A couple of weeks ago, right at the end of the Oxford Internet Institute conference on The Future of Free Expression on the Internet, the question was raised from the platform as to whether it might be possible to construct a Best Current Practice (BCP) framework for censorship?
If — the argument ran — IF countries were transparent about what they censored, IF there was no overblocking (the literature’s jargon for collateral damage), IF it was done under a formal (local) legal framework, IF there was the right of appeal to correct inadvertent errors, IF … and doubtless a whole raft more of “IFs” that a proper effort to develop a BCP would establish. IF… then perhaps censorship would be OK.
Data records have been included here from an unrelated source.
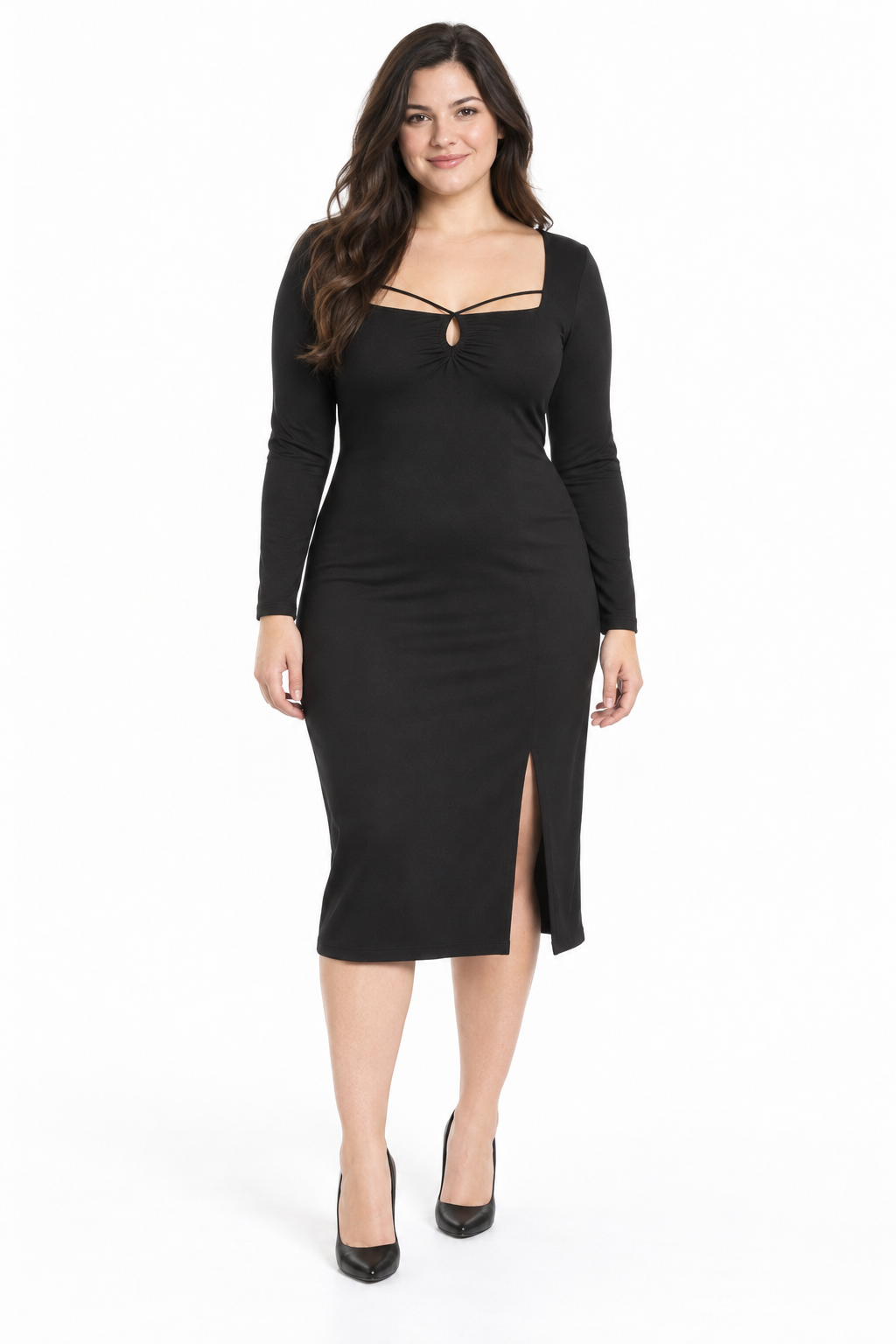 CATALINA-VESTIDO MAXI DE ESCOTE CRUZADO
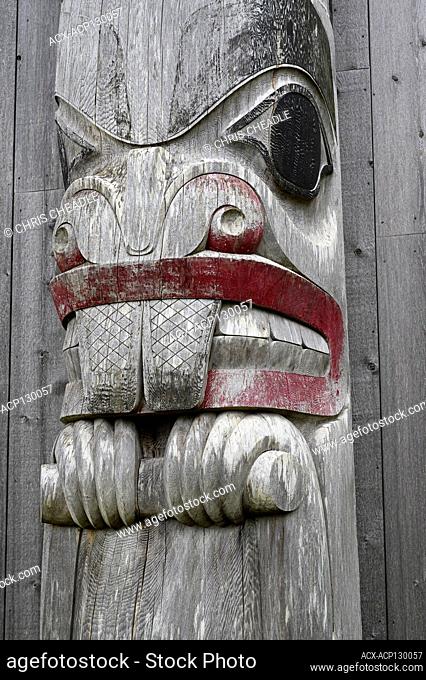 Details from Ts'aahl, by Garner Moody, Haida Heritage Centre at Kay Llnagaay, Skidegate, Haida Gwaii, Formerly known as Queen Charlotte Islands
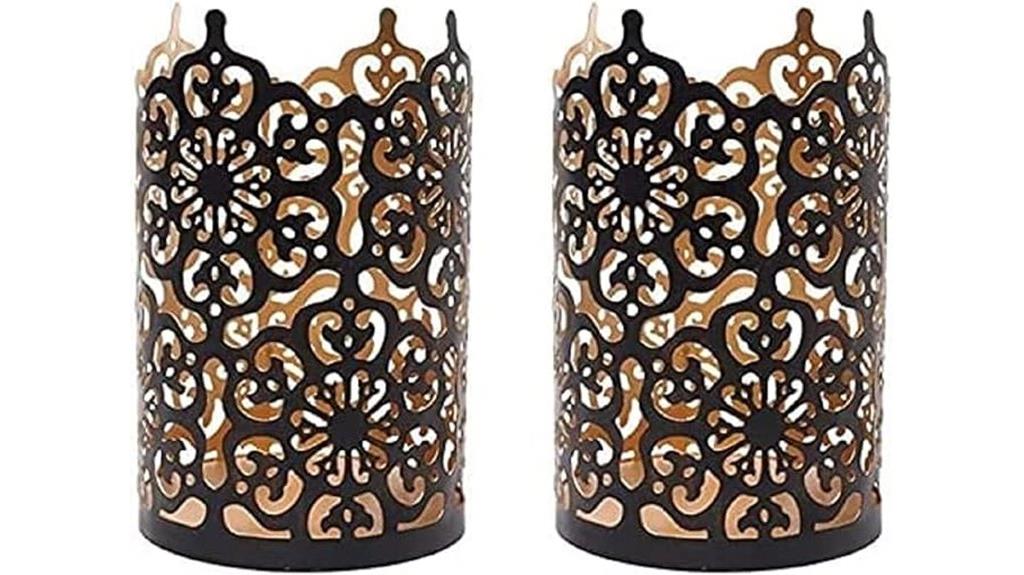 bronze candle holders set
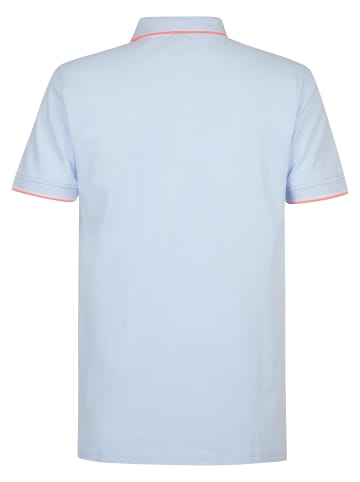 Petrol Industries Klassisches Poloshirt Wave in Blau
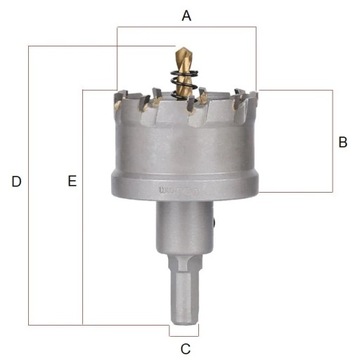 КОРОНОЧНАЯ ПИЛА ДЛЯ МЕТАЛЛА WIDIA CROWN DRER 53 мм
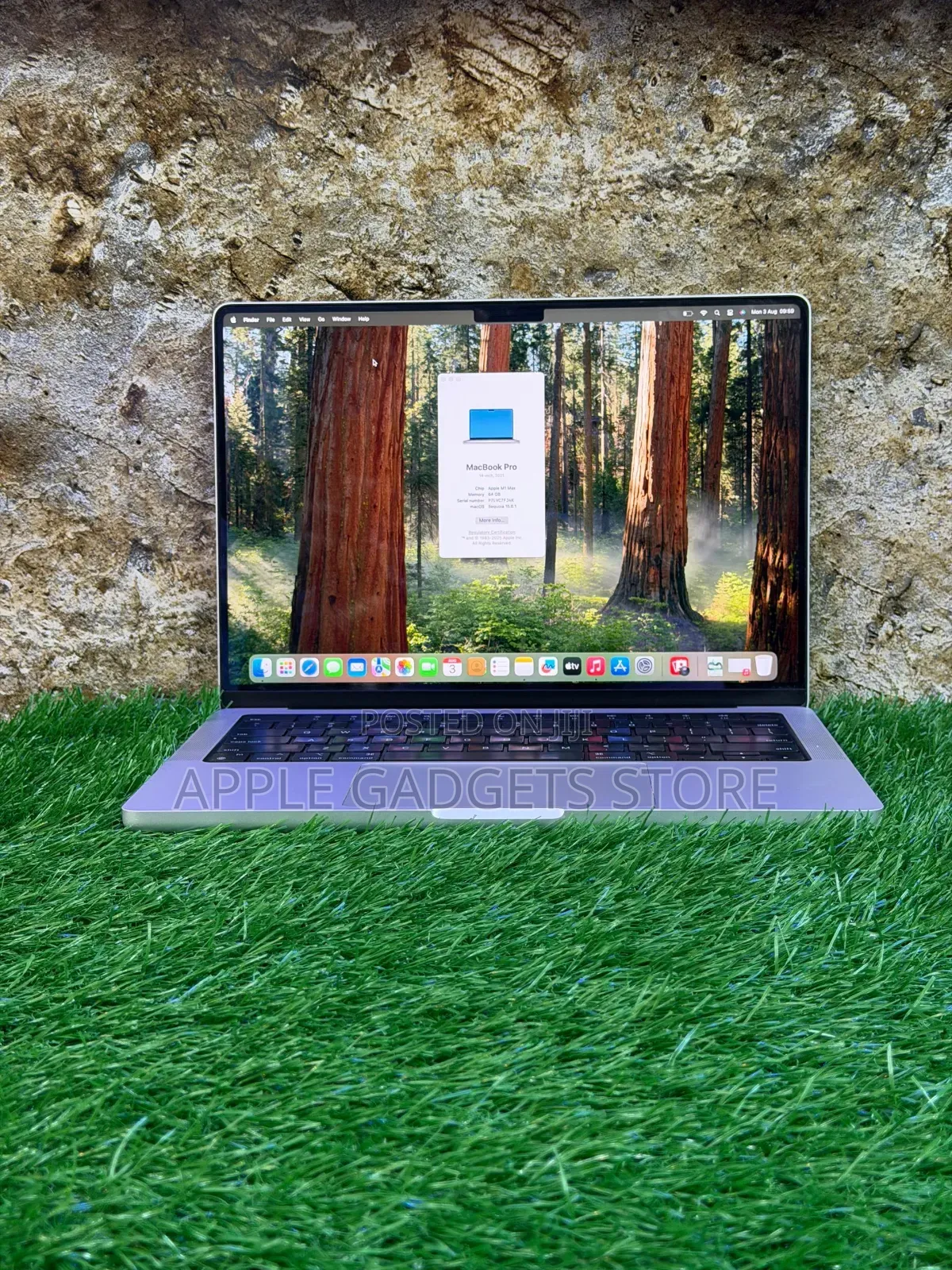 Laptop Apple MacBook Pro 2021 M1 64GB SSD 1T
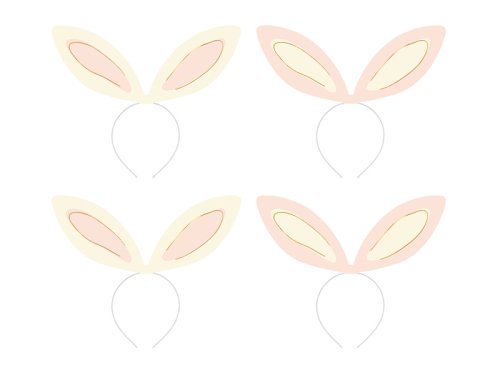 Headbands Bunny ears, 12.5x29 cm, mix (1 pkt / 4 pc.) Headbands Bunny ears, 12.5x29 cm, mix (1 pkt / 4 pc.)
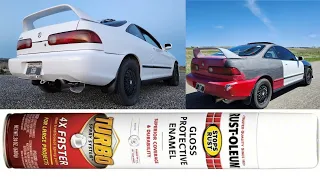 Rustoleum Turbo can paint job GS-R Integra Rescue and Revival Part 5 Budget Restoration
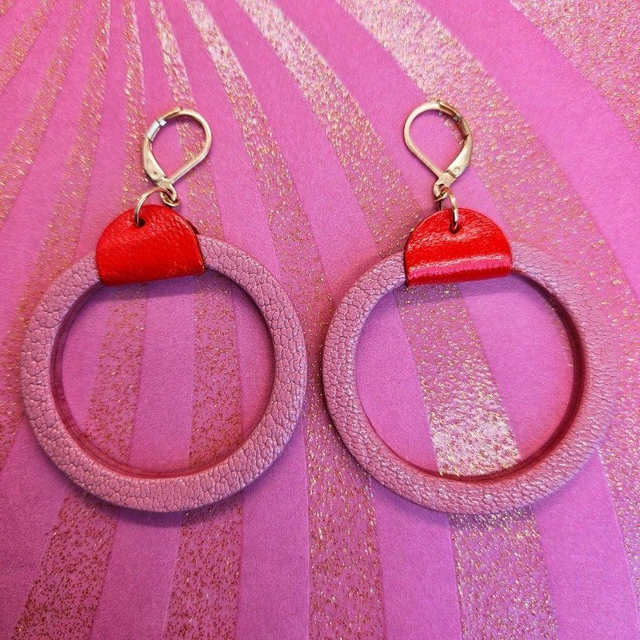 BO en cuir &quot;Créoles BB&quot; 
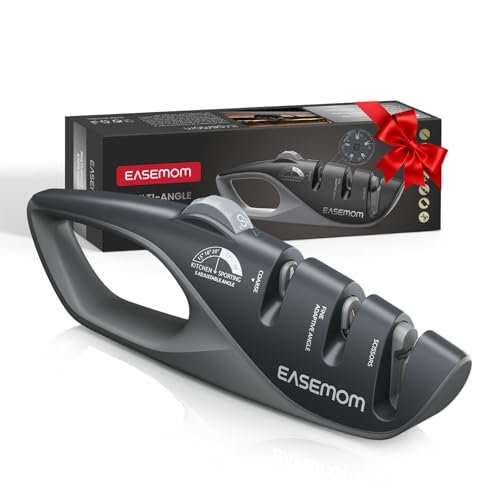 Kitchen Knife Sharpener, 5 Adjustable Sharpening Angle for...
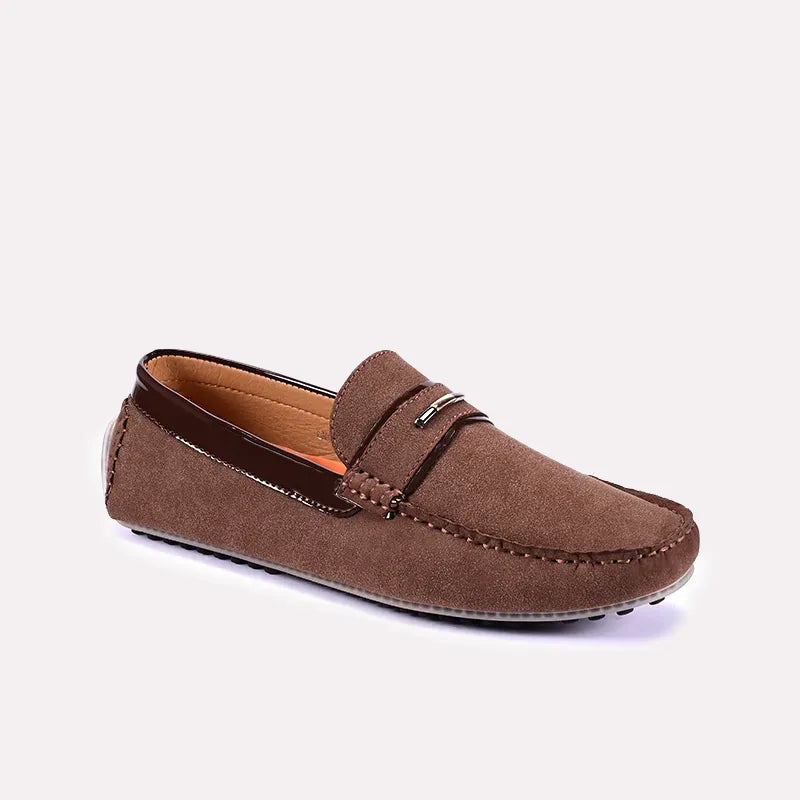 Suede men's loafers for a soft and luxurious feelFerguson Brown Classic Suede Loafers 0130833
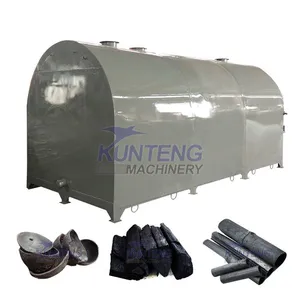 High Efficiency Horizontal Carbonization Furnace for Peanut Shells Bamboo and Almond Shells EPC thumbnail-1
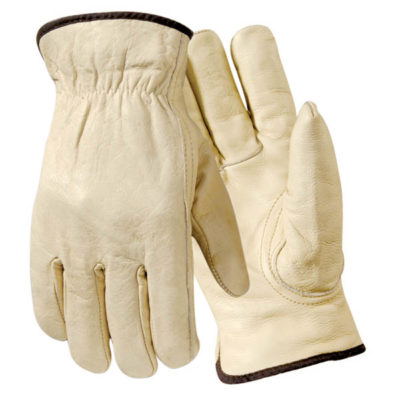 Economy Fleece Lined Grain Cowhide (Y0062)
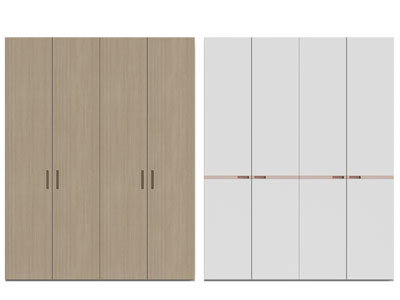 现代衣柜3d模型 现代衣柜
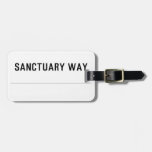 SANCTUARY WAY   Luggage Tags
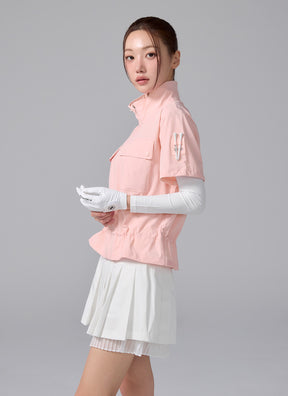 雪紡點綴2in1百褶裙2.0｜共4色｜XGFSK36J2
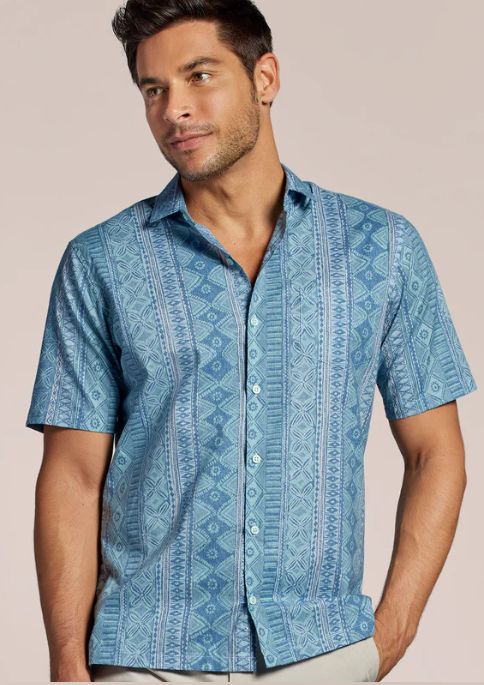 Tori Richard Tapa in Chambray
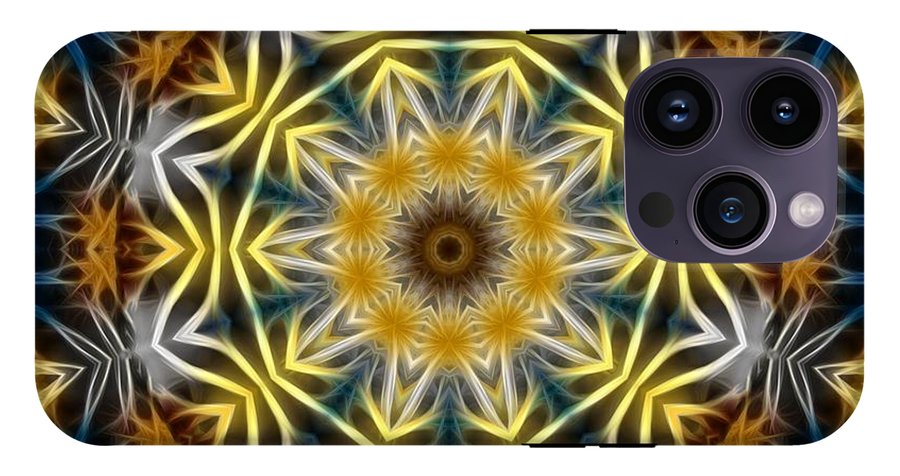 Abstract Daisies Kaleidoscope - Phone Case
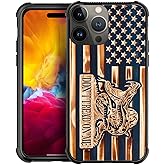 DAIZAG Compatible with iPhone 15 Case,All-Round Protection Shockproof Anti-Scratches TPU Cover,Cases for Man Woman-Dont Tread on me Wood Grain American Flag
I spoke against the notion of a BCP from the audience at the time, and after some reflection I see no reason to change my mind.
There will be many more subtle arguments — much as there are will be more IFs to consider, but I can immediately see two insurmountable objections.
The first is that a BCP will inevitably lead to far more censorship, but now with the apparent endorsement of a prestigious organisation: “The OpenNet Initiative says that blocking the political opposition’s websites is just fine!” Doubtless some of the IFs in the BCP will address open political processes, and universal human rights … but it will surely come down to quibbling about language: terrorist/freedom-fighter; assassination/murder; dissent/rebellion; opposition/traitor.
The second, and I think the most telling, objection is that it will reinforce the impression that censoring the Internet can actually be achieved! whereas the evidence piles up that it just isn’t possible. All of the schemes for blocking content can be evaded by those with technical knowledge (or access to the tools written by others with that knowledge). Proxies, VPNs, Tor, fragments, ignoring resets… the list of evasion technologies is endless.
One of the best ways of spreading data to multiple sites is to attempt to remove it, and every few years some organisation demonstrates this again. Although ad hoc replication doesn’t necessarily scale — there’s plenty of schemes in the literature for doing it on an industrial scale.
It’s cliched to trot out John Gilmore’s observation that “the Internet treats censorship as a defect and routes around it“, but over-familiarity with the phrase should not hide its underlying truth.
So, in my view, a BCP will merely be used by the wicked as a fig-leaf for their activity, and by the ignorant to prop up their belief that it’s actually possible to block the content they don’t believe should be visible. A BCP is a thoroughly bad idea, and should not be further considered.